Prosecutors to decide this week on reconciliation offer from Salem

Hassan Yassin, one of Prosecutor General Talaat Abdallah’s senior aides, said that prosecutors this week will decide \ whether or not to to reach a legal reconciliation with fugitive businessman Hussein Salem, who offered to give the state half of his wealth in order to have all the cases against him dropped.

“Salem’s lawyer had submitted a request to reconcile in return for half of his properties inside and outside Egypt. The request is currently being mulled. Procedures will be taken this week,” said Yassin in an interview published in the state-owned Akhbar Al-Youm on Saturday.

Salem, one of ousted President Hosni Mubarak's closest friends, was convicted in October 2011 along with his son Khaled, and daughter Magda, to seven years in jail and a combined fine of more than US$4 billion on charges of money laundering and profiteering.

He was also accused of making illegal profits from Egyptian gas sales to Israel through his major stake in East Mediterranean Gas, which carried out the exports, but he was acquitted on these charges.

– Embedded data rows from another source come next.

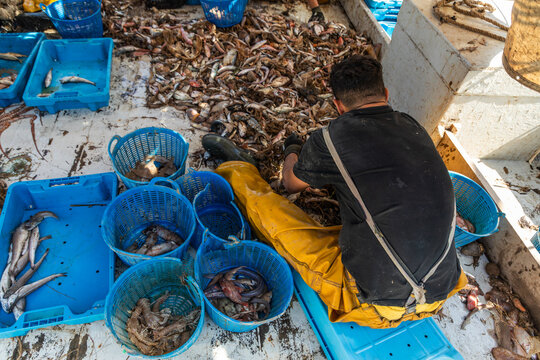 Fisherman sorting fresh seafood catch on commercial boat deck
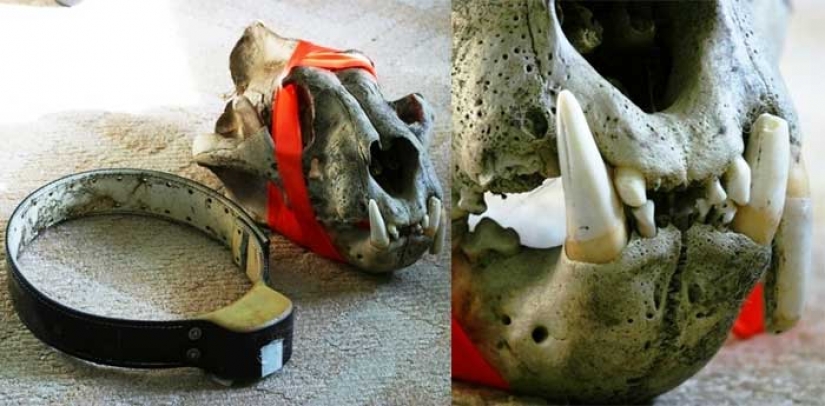 Como derechos de los animales casi destruyó el último de los tigres de Amur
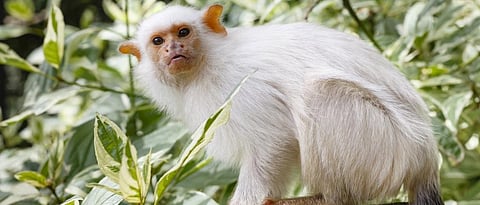 A Silvery Marmoset, related to the newly-found marmoset in Brazil's Para state. Photo: Getty Images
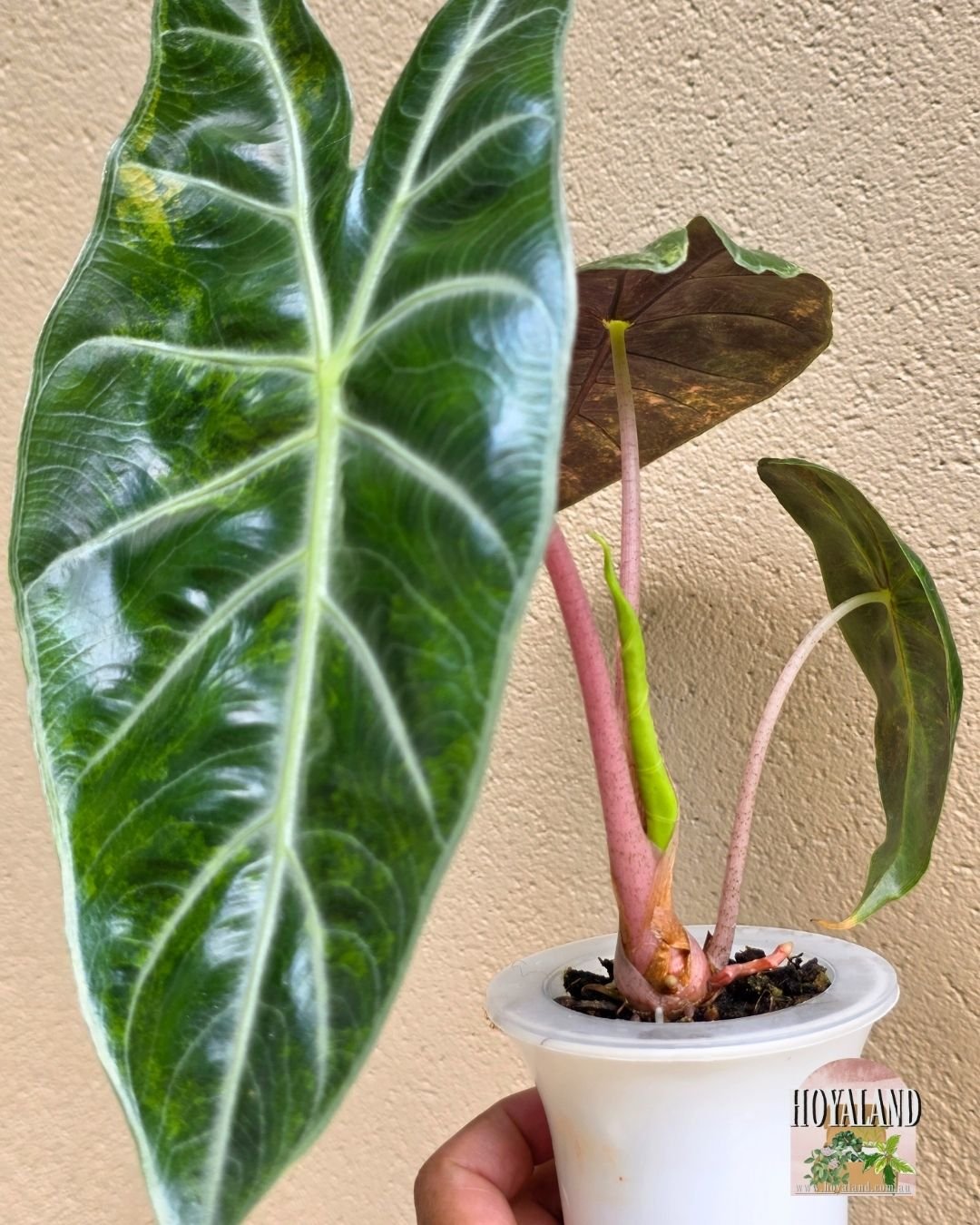 Alocasia nairobi nights aurea (2).jpg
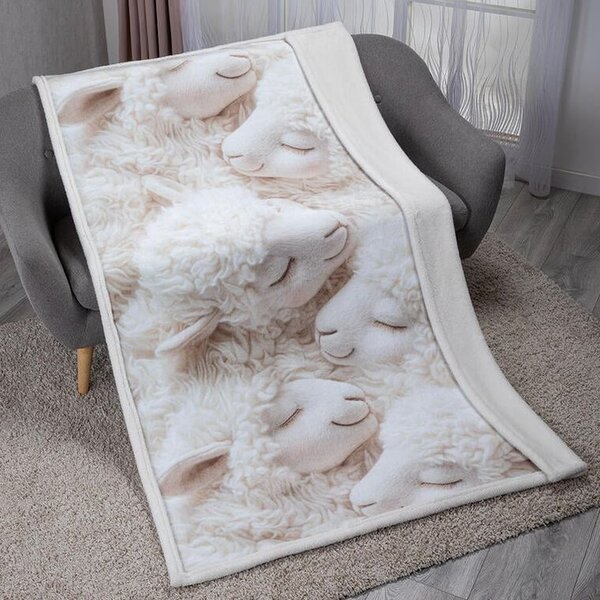 Pătură cu blăniţă 3D VISURI DE MIEL 140 x 200 cm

Following the fall of Mubarak in 2011, several of his former officials have been tried or are facing charges for corruption, money laundering and profiteering.

But current President Mohamed Morsy, facing a deep economic crisis, called in January for financial reconciliation with former President Hosni Mubarak's regime, a mechanism widely seen as an effort to inject funds into an ailing economy.

Yassin told Akhbar Al-Youm that a lawyer for the formerly ruling National Democratic Party’s Organizational Affairs Secretary Ahmed Ezz proposed reconciliation, asking for some time to study the issue and Ezz's legal status.

We’re still waiting for his response,” said Yassin.

Former Ministry of Trade and Industry Rachid Mohamed Rachid, who is currently based in the United Arab Emirates, also requested reconciliation.

Yassin said that his lawyer “submitted a request for the payment of fines imposed on him in the lawsuit of growing exports, estimated at LE3.9 million. He didn’t demand reconciliation.”

No news was heard from former ministers Zoheir Garana and Youssef Botros Ghali, Yassin said.

He added that the Public Prosecution is ready to ponder any requests, on the condition that the issue shouldn’t be related to charges over the killing or injuring of Egyptians.

Last week, Finance Minister Morsy Hegazy said that Egypt has reclaimed less than LE100 million in illegal funds from Mubarak-era officials either suspected of or charged with corruption.